═══ Data extract

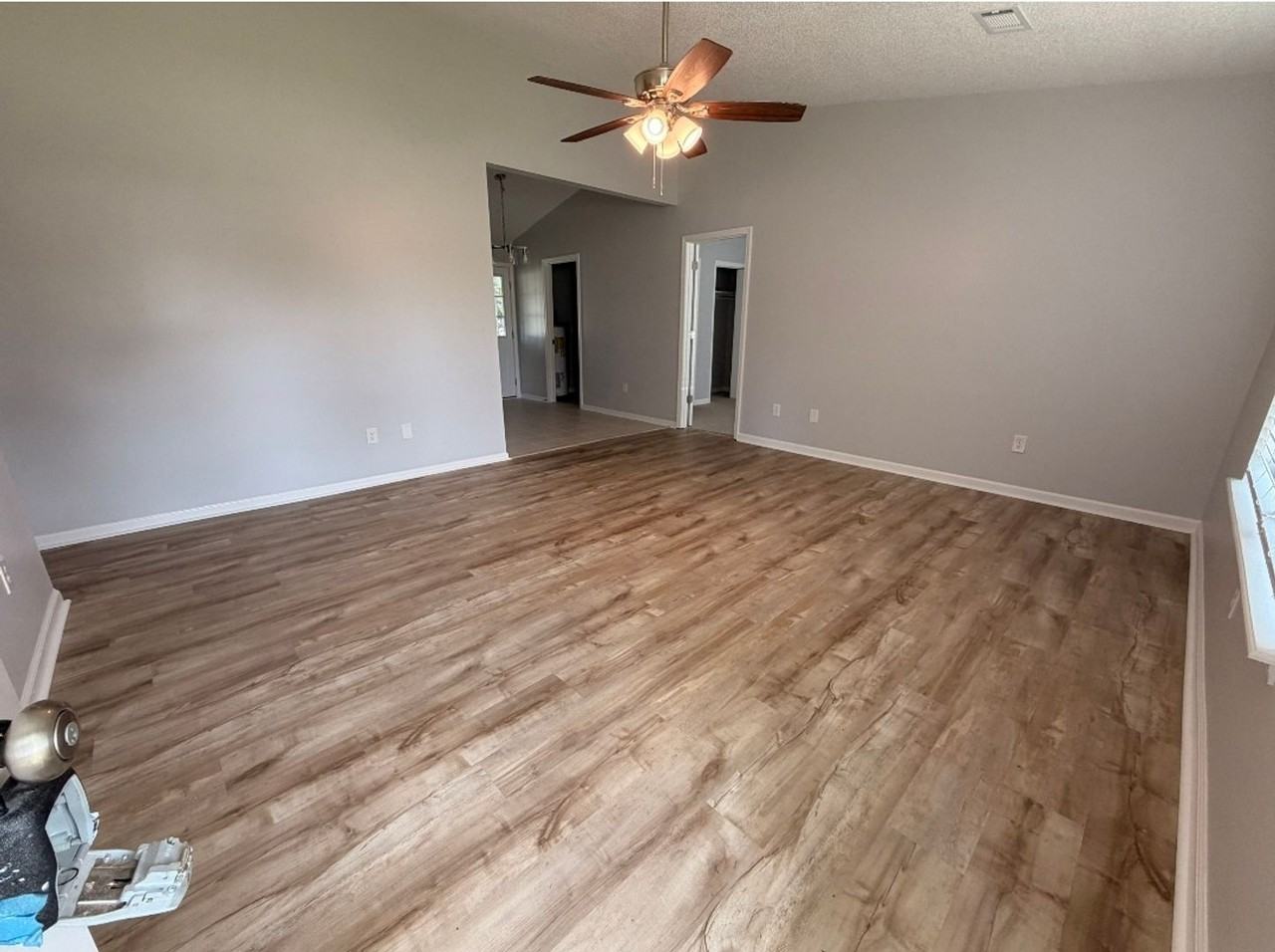 1006 Ridgeland Dr - Photo 2 of 11
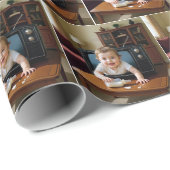 Baby Crawling Out of a Retro Television Cadeaupapier (Rol Hoek)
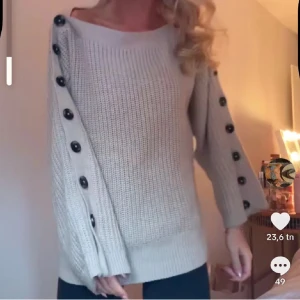 Såå najs stickad tröja - Sälj det denna Såå najs stickade tröjan som är perfekt inför hösten💗💗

══════

◆ **What you are asked to do**: The whole of the data needs to be copied word for word, though not its pictures.

◆ **Output of the exercise**:
 1006 Ridgeland Dr - Photo 2 of 11
 Baby Crawling Out of a Retro Television Cadeaupapier (Rol Hoek)
 Såå najs stickad tröja - Sälj det denna Såå najs stickade tröjan som är perfekt inför hösten💗💗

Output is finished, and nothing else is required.